_Problem description_: Please copy exactly the part of the records below that opens with the line containing "Elegant Floral Silk" and closes with the line containing "MGP 55005SRMHYL Caliper", leaving out any pictures.

_Excerpted records_:
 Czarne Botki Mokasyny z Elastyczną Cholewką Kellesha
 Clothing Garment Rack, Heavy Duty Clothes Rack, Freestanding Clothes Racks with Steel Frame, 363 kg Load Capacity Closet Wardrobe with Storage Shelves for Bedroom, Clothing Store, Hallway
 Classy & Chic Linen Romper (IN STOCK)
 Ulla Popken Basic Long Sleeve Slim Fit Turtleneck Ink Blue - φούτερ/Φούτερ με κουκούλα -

* * *

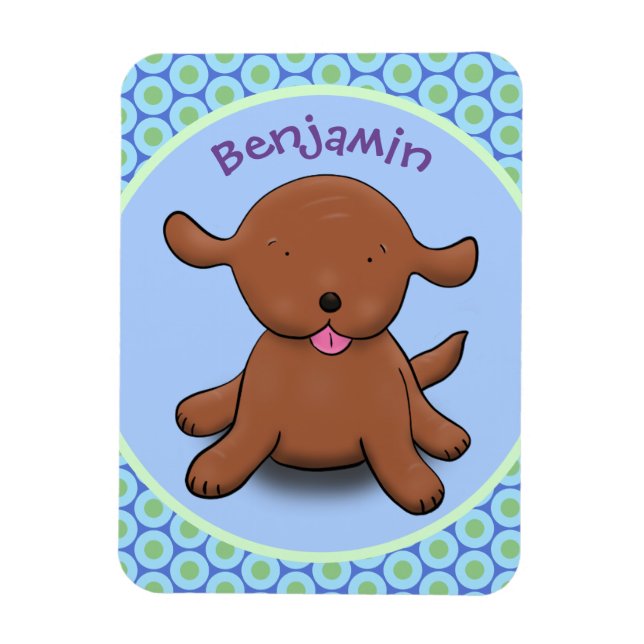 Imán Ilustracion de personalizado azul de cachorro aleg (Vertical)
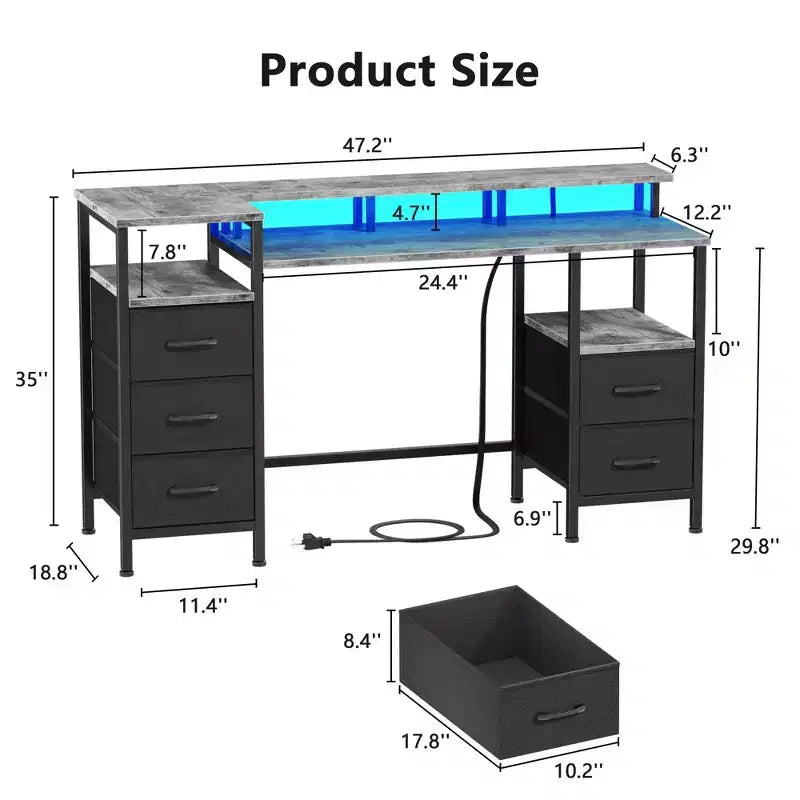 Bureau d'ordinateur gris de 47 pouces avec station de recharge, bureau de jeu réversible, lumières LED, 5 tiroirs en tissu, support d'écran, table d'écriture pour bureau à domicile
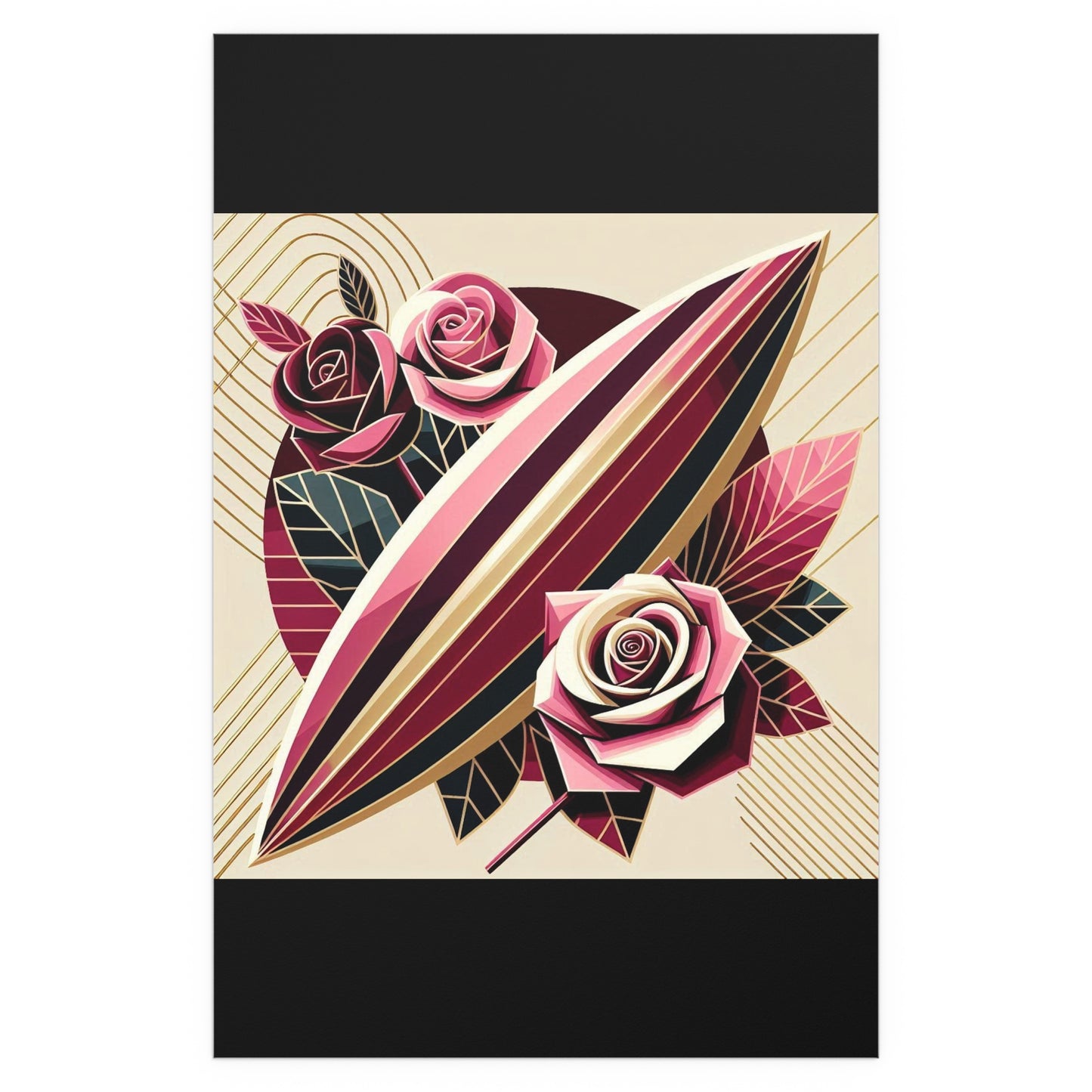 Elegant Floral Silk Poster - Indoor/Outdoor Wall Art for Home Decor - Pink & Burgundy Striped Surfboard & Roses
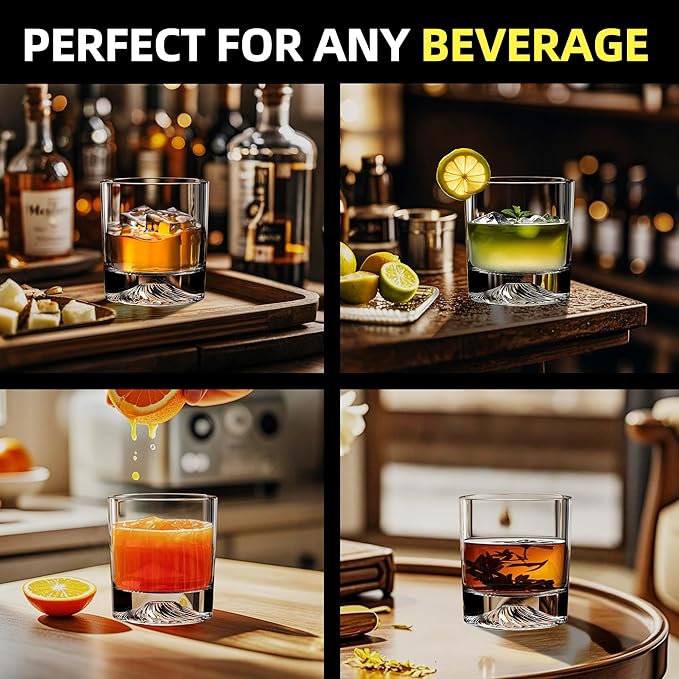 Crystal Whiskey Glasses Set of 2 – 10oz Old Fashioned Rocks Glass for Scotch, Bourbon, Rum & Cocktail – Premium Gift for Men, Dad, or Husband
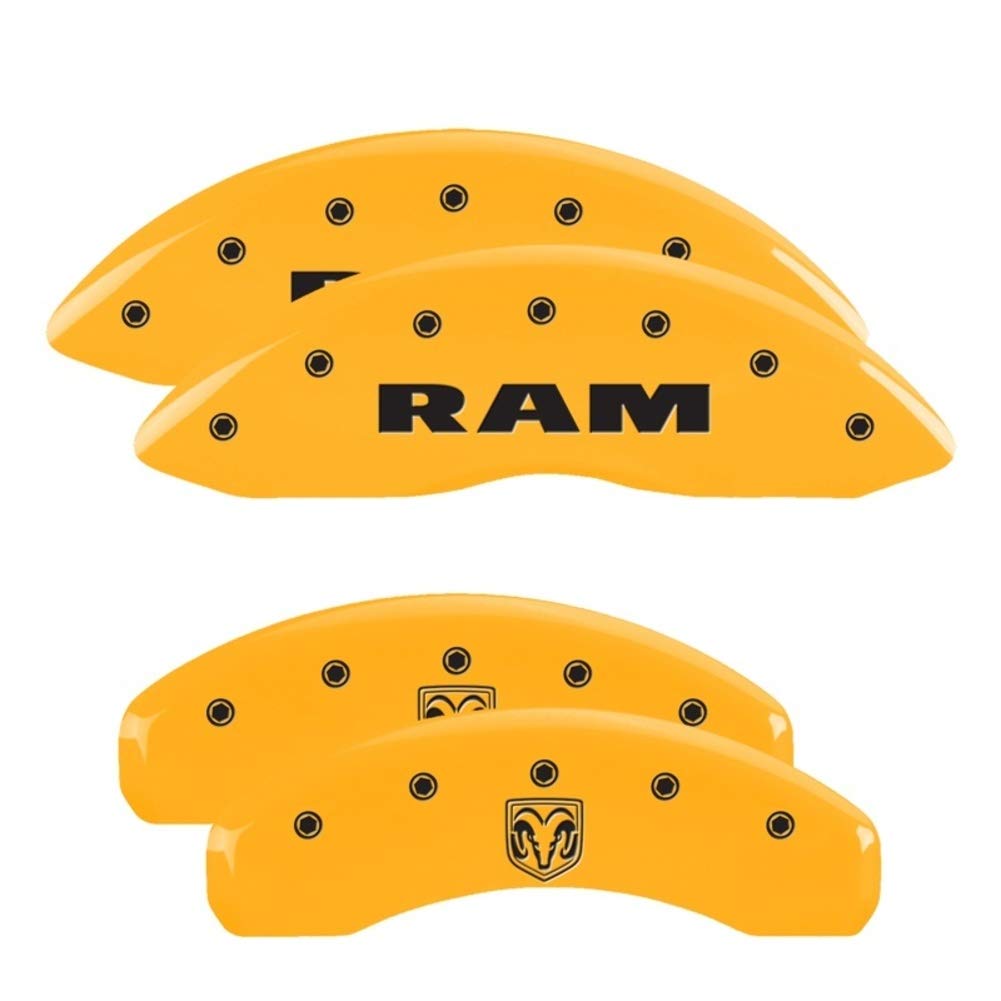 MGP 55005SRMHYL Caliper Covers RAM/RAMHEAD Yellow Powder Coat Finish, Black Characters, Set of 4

_Task result_:
 Elegant Floral Silk Poster - Indoor/Outdoor Wall Art for Home Decor - Pink & Burgundy Striped Surfboard & Roses
 Crystal Whiskey Glasses Set of 2 – 10oz Old Fashioned Rocks Glass for Scotch, Bourbon, Rum & Cocktail – Premium Gift for Men, Dad, or Husband
 MGP 55005SRMHYL Caliper Covers RAM/RAMHEAD Yellow Powder Coat Finish, Black Characters, Set of 4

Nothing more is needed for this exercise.